Maximum Inner Product Search (MIPS)
The core algorithmic task that makes bi-encoders practical. Once a query is encoded, MIPS finds the document vector with the highest dot product without scanning the entire index. This is what separates the bi-encoder's offline indexing advantage from a cross-encoder's exhaustive approach. Efficient MIPS is the reason bi-encoders scale to billion-document corpora.
Contrastive Loss
The training objective that teaches a bi-encoder to structure its embedding space. It operates on paired examples, pulling a query and its relevant passage together while pushing irrelevant passages apart. Variants include:
- Triplet Loss: Uses an anchor, positive, and negative
- InfoNCE Loss: A multi-class formulation using in-batch negatives
- Multiple Negatives Ranking Loss: Optimizes for the correct pair among many negatives
Cross-Encoder Distillation
A training strategy that transfers knowledge from a computationally expensive cross-encoder to a fast bi-encoder. The cross-encoder scores query-document pairs with full attention, producing highly accurate relevance labels. The bi-encoder is then trained to mimic these scores, achieving near cross-encoder accuracy with bi-encoder speed. This is the primary method for building state-of-the-art retrievers.

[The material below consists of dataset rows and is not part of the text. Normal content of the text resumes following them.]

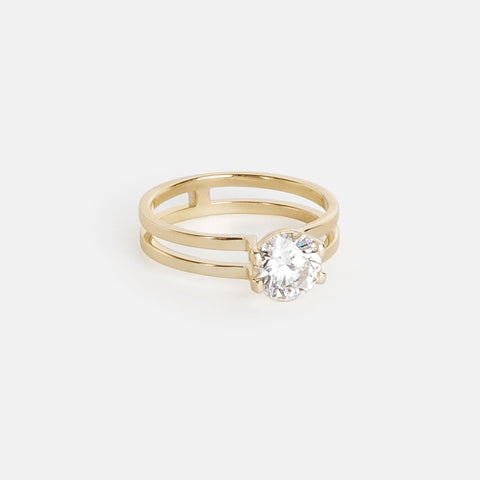 Unique Double Band Engagement Ring set with one carat IGI certified lab grown Round diamond in 14k yellow gold by SHW fine jewelry store in NYC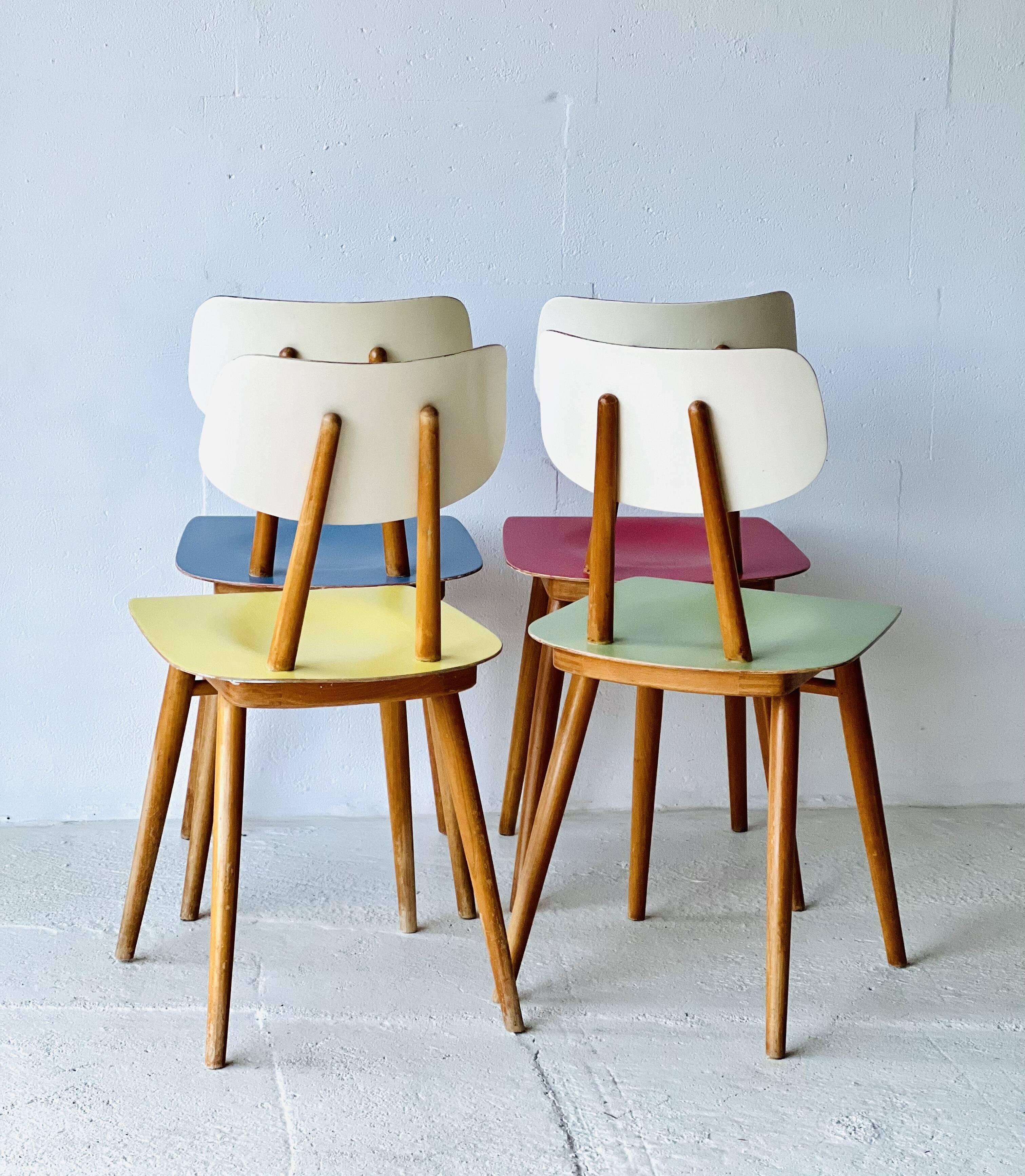 Dining chairs by ton, 1960’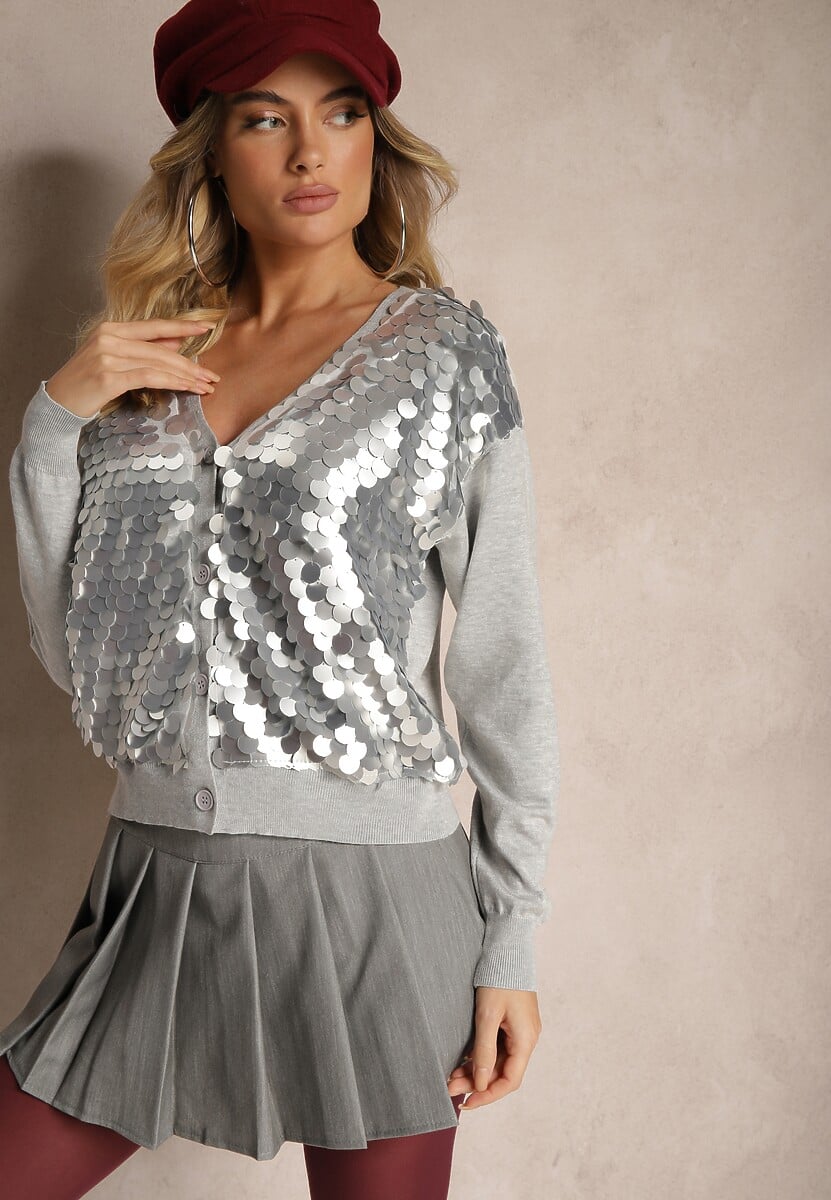 Beżowy Kardigan na Guziki z Wiskozą i Cekinami Evelith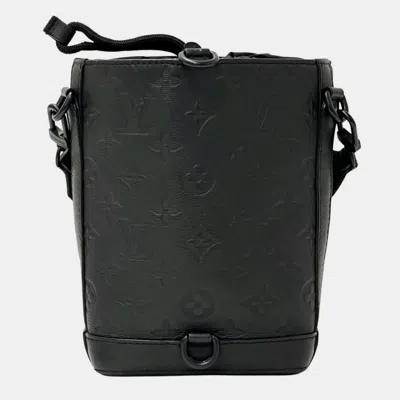 Pre-owned Louis Vuitton Monogram Shadow Shoulder Bag In Empreinte Nylon Noe Swing Noir Bucket In Black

Approximate Nearest Neighbor (ANN)
The class of algorithms that make vector search tractable at scale. Rather than exact nearest neighbor search—which is O(N) in complexity—ANN trades a small accuracy loss for orders-of-magnitude speedups. Key algorithms include HNSW (graph-based), IVF (clustering-based), and PQ (compression-based). Libraries like FAISS and ScaNN provide production-ready implementations.
Late Interaction (ColBERT)
A retrieval paradigm that sits between bi-encoders and cross-encoders. Instead of a single vector per passage, ColBERT stores one embedding per token. At query time, it computes a MaxSim operation between query tokens and document tokens. This preserves more fine-grained semantic matching than a bi-encoder while remaining far faster than a cross-encoder. It represents the state-of-the-art in accuracy-efficiency tradeoffs.

About the author
Prasad Kumkar
CEO & MD, Inference Systems
Prasad Kumkar is the CEO & MD of Inference Systems and writes about AI systems architecture, LLM infrastructure, model serving, evaluation, and production deployment. Over 5+ years, he has worked across computer vision models, L5 autonomous vehicle systems, and LLM research, with a focus on taking complex AI ideas into real-world engineering systems.
His work and writing cover AI systems, large language models, AI agents, multimodal systems, autonomous systems, inference optimization, RAG, evaluation, and production AI engineering.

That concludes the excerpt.